> [YOUR TASK]: Give the lines below again exactly, starting with the line that holds "A Studio KBF" and going on through the line that holds "Creative graphic designer".

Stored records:
--
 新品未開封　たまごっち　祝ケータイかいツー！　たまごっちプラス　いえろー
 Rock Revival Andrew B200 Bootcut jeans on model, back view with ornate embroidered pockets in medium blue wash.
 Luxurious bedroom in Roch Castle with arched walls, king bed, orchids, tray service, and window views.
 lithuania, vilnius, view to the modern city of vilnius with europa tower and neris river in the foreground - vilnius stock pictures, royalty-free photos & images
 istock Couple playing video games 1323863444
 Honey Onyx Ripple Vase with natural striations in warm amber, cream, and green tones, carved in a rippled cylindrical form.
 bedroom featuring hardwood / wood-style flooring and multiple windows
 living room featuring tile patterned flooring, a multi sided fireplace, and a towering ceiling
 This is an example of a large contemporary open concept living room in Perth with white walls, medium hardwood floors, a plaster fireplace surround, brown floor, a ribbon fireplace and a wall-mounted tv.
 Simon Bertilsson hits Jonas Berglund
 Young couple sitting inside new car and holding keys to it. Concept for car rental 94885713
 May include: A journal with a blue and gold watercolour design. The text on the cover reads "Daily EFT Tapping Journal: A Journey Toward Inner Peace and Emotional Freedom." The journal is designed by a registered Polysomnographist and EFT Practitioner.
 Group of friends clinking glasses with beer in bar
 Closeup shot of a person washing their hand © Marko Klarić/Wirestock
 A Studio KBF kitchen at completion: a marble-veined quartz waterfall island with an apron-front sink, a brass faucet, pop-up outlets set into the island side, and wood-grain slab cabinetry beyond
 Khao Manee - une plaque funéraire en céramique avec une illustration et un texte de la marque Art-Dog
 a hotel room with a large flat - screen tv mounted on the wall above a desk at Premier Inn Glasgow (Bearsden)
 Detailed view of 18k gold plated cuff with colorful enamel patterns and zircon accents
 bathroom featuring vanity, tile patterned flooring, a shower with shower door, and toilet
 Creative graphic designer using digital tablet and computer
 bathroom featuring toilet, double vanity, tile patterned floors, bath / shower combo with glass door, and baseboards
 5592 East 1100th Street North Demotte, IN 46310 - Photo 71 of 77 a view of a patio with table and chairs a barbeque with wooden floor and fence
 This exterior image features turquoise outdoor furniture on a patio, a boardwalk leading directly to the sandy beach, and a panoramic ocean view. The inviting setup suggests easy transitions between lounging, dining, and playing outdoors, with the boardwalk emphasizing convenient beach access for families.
--
> [EXPECTED ANSWER]:
 A Studio KBF kitchen at completion: a marble-veined quartz waterfall island with an apron-front sink, a brass faucet, pop-up outlets set into the island side, and wood-grain slab cabinetry beyond
 Khao Manee - une plaque funéraire en céramique avec une illustration et un texte de la marque Art-Dog
 a hotel room with a large flat - screen tv mounted on the wall above a desk at Premier Inn Glasgow (Bearsden)
 Detailed view of 18k gold plated cuff with colorful enamel patterns and zircon accents
 bathroom featuring vanity, tile patterned flooring, a shower with shower door, and toilet
 Creative graphic designer using digital tablet and computer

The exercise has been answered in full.